Posted by Mike Tuccinardi on

When most people think of aquariums, they think of a tank populated with placid, colorful fish swimming around in small groups. And for good reason – the most popular style of aquarium in both the freshwater and marine hobby is the so-called “community” tank, which contains an assortment of peaceful, compatible species living together in harmony. But as long as people have been keeping fish, there have been those hobbyists who gravitate towards species of a very different sort – the predators, fish at the top of the food chain which have adapted to hunt down and capture prey of all sorts. In almost every aquatic ecosystem in the world, there are fish which specialize in preying on other fish or invertebrates, and many of these have developed amazing strategies to do so. From mouths full of razor sharp teeth to remarkable camouflage that can render a fish almost invisible, many predatory fish have a certain appeal which makes them enduringly popular in the aquarium hobby. Not all species are suitable for the average aquarium owner, however, and many require specialized care or grow far too large for all but the largest aquariums to contain. With that in mind, let’s take a look at some of the most popular predators for both freshwater aquariums.

In the freshwater hobby, there are a huge variety of predatory species that are regularly available. Probably the most well-known of these is the Piranha – a complex of species hailing from tropical South America and the source of many fearsome myths. While they certainly live up to their reputation in terms of looks – with their unmistakable rows of serrated teeth – Piranha are often rather shy in the aquarium. Another popular group of freshwater predators in the same order as the Piranha are often referred to as freshwater “barracuda”. Although they have no relation to the super-fast marine predator of the same name, they look similar, with elongated bodies and mouths full of sharp teeth. Another close relative, often called the sabretooth barracuda or vampire tetra, also originates in the Amazon basin where it skewers smaller fish with two massive teeth in its lower jaw. All of the freshwater “barracuda” species can be challenging to keep, and will often only eat live fish.

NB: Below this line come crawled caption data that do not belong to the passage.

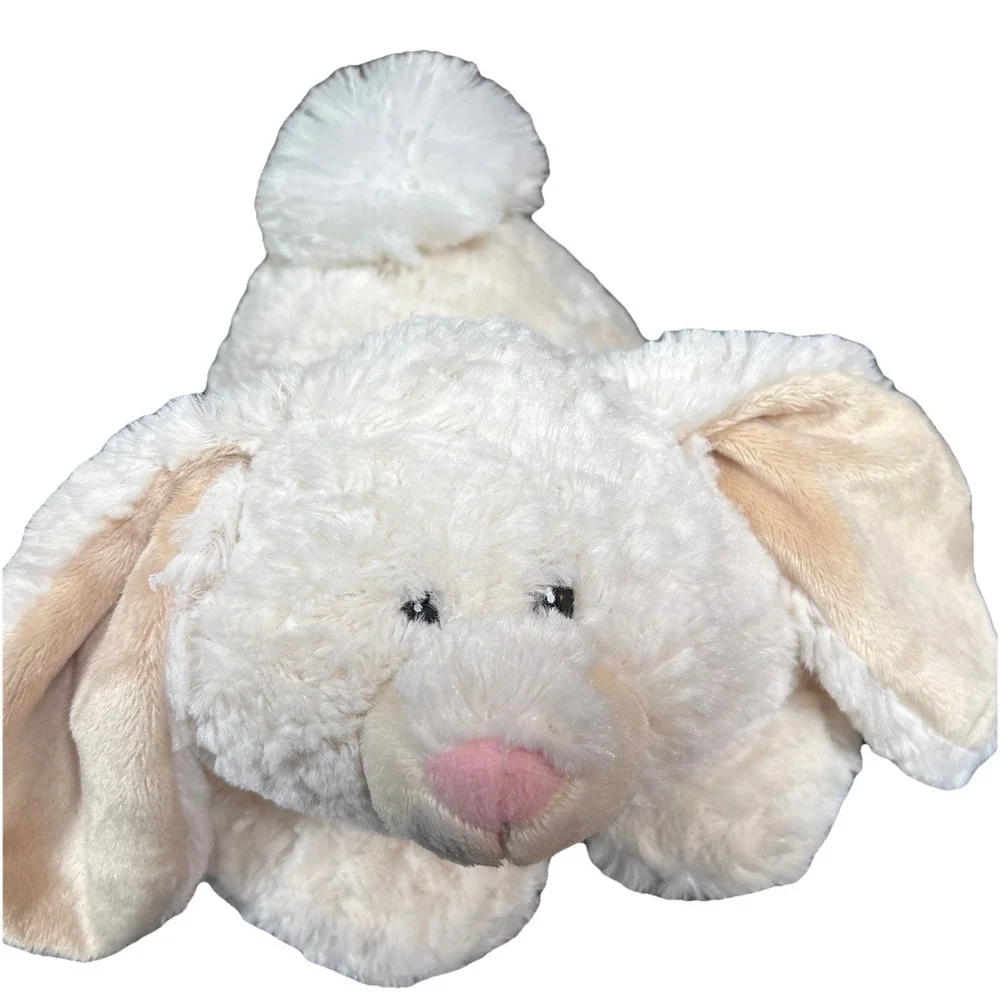 Aurora World Cream Bunny Rabbit Plush Floppy Ears White Pom Pom‎ Tail Soft Toy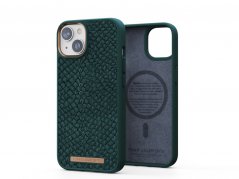 NJORD Salmon Leather MagSafe Odolný kryt z lososí kůže pro iPhone 14/15, tmavě zelený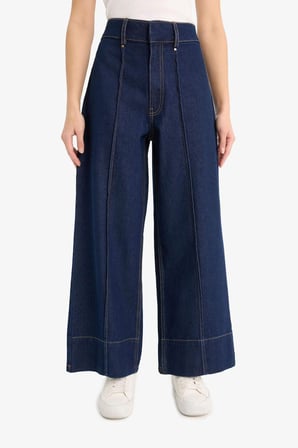 Kısa Geniş Paça Yüksek Bel Crop Fit Crop Jean Pantolon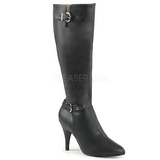 Black Leatherette 10 cm DREAM-2030 big size boots womens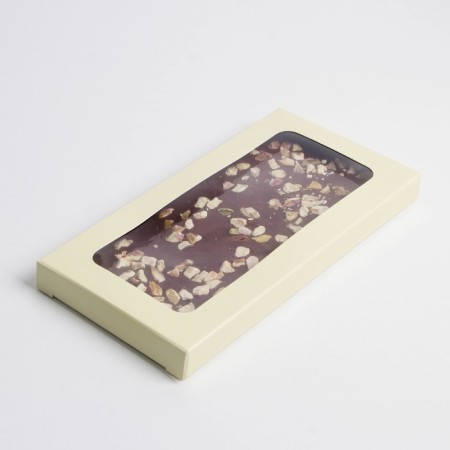 Chocolate box, confectionery packaging "Yellow", with a window, 17.3 x 8.8 x 1.5 cm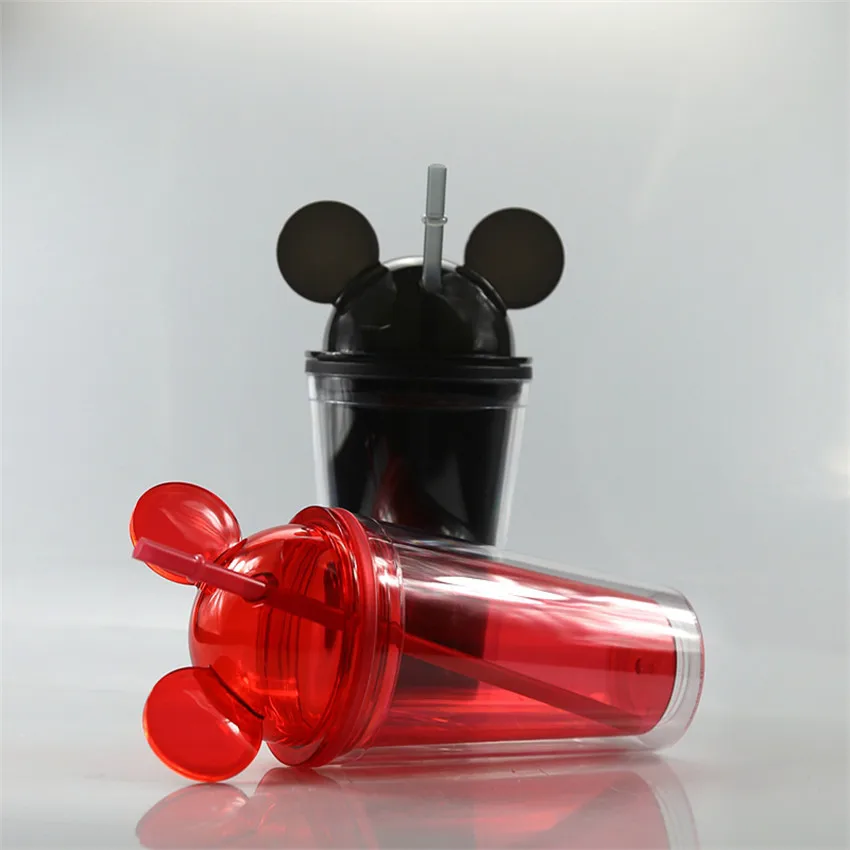 Wholesale 2020 Latest Style 450ml Acrylic Plastic Mouse Ear Clear Cups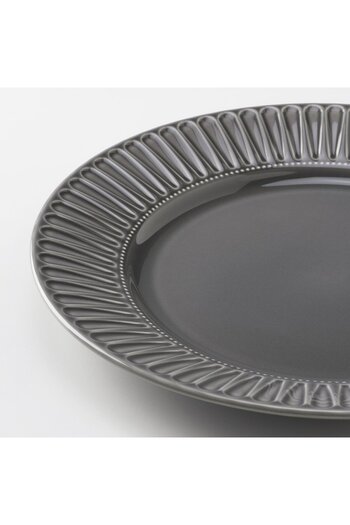 IKEA STRIMMIG Plate, Gray Ceramic, 27 cm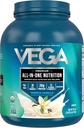 Vega orgânico All-in-One proteína Vegan em pó francês Vanilla (43 Servings) Ingredientes Superalimentares, Vitaminas para apoio à imunidade, Keto Friendly, Ervilha proteína para mulheres e homens, 3,10 libras (Pacote de 6)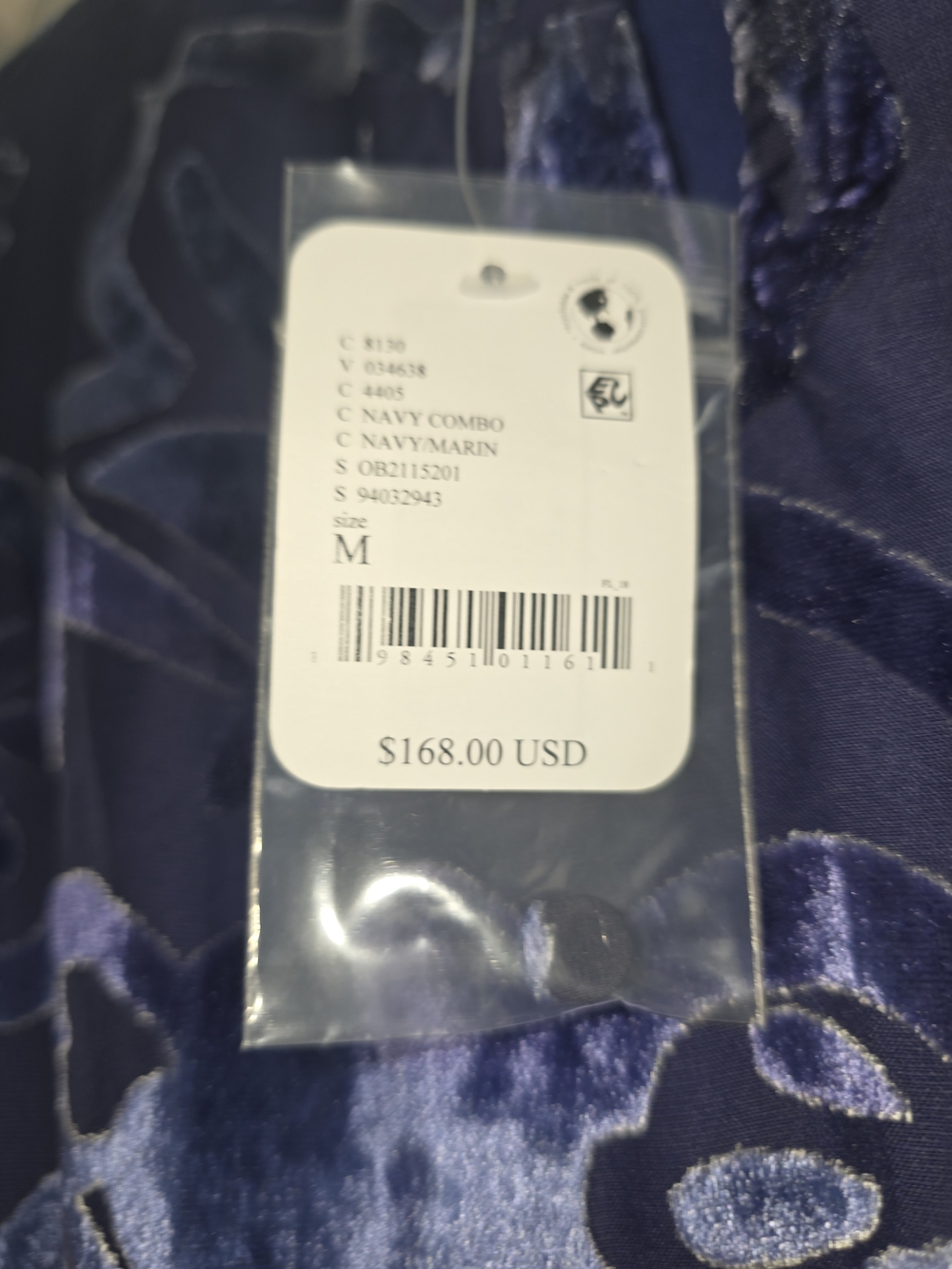 Free People Navy Blue Floral Velvet Mini Dress - Picture 3 of 5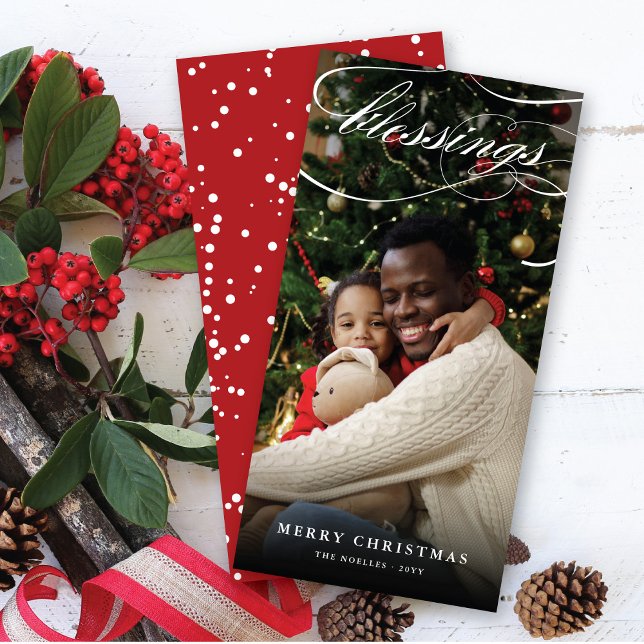 Tarjeta Festiva Bendiciones Script Navidades religiosos elegante f (Subido por el creador)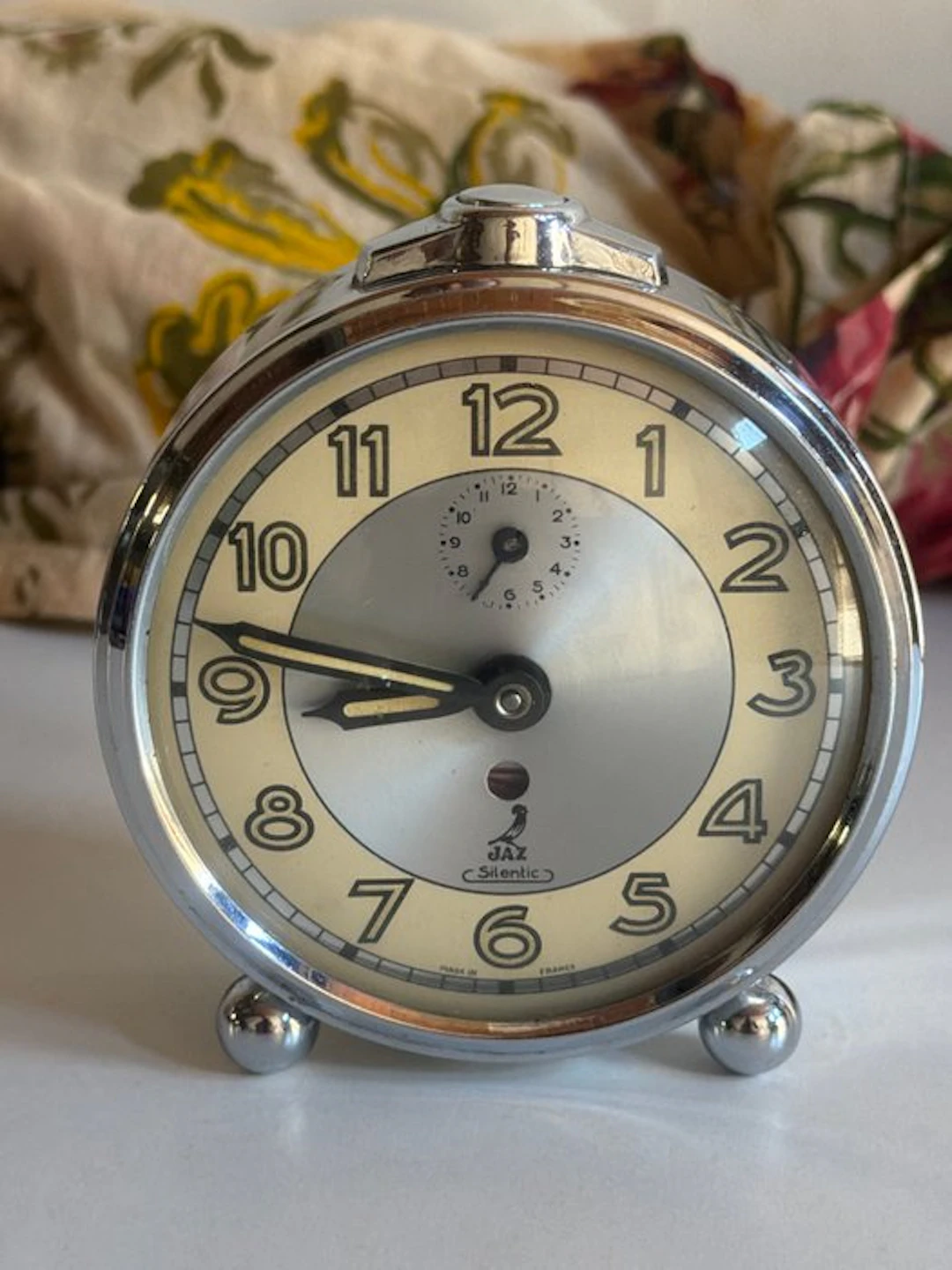 Alarm clock - JAZ - Art Deco Metal, Chrome plated, Silverplated - 1930-1940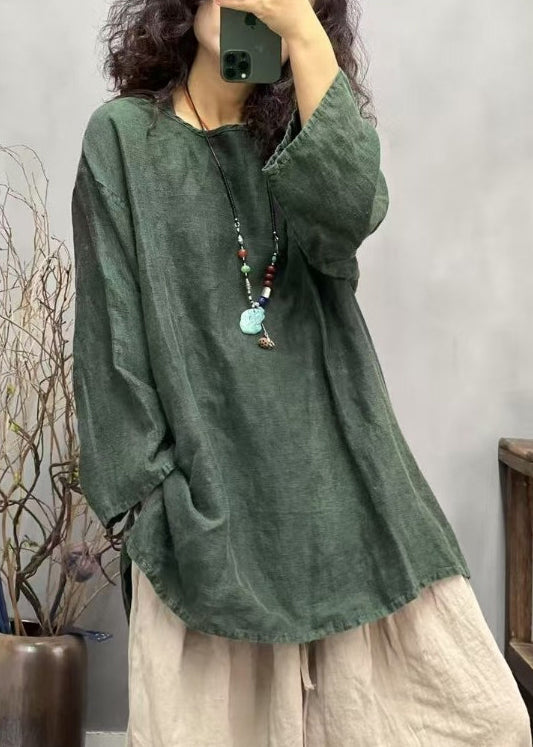 Loose Side Shirts O Red Linen Neck Ppen Fall T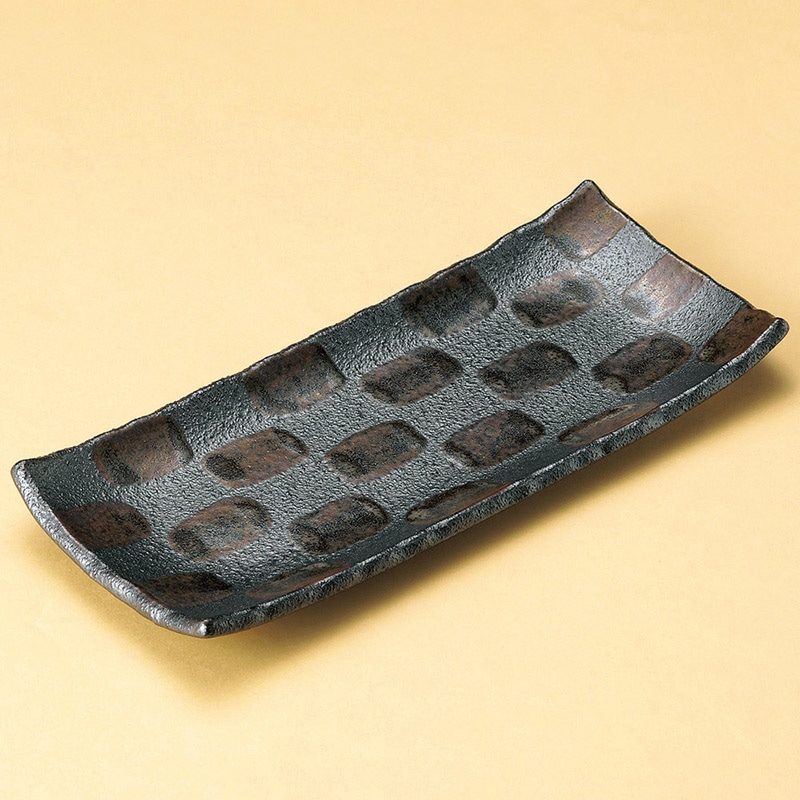 山万 24105-580 黒市松サンマ皿 1個（ご注文単位1個）【直送品】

Many of the popular freshwater predators are species that grow to huge proportions – and quickly. The Arowana, a group of 6 species representing an ancient family of fish, all grow well over 24” in size as adults, and their active nature and tendency to jump have given them a well-deserved reputation as “tankbusters”. Similarly, most species of gar grow to at least 30”, with the largest – the alligator gar (Atracosteus spatula) reaching 8 feet or more in length as adults! Although they lack the prominent teeth of some of the other freshwater predators, there are many catfish species in the aquarium hobby which are voracious predators as well. Probably the two best known of these – the Tiger Shovelnose (Pseudoplatystoma fasciatum) and the Redtail Catfish (Phractocephalus hemioliopterus) both originate from the Amazon in South America where they are popular food fish. Although they may look cute as 2” babies at the local fish store, both species grow very quickly and are known to eat almost anything in their aquariums – including rocks, airstones, even heaters. Although smaller in size than many of its cousins, the gulper catfish (Asterphysus batrachus) lives up to its name by being able to consume fish even bigger than it is – so almost any potential tankmates are at risk.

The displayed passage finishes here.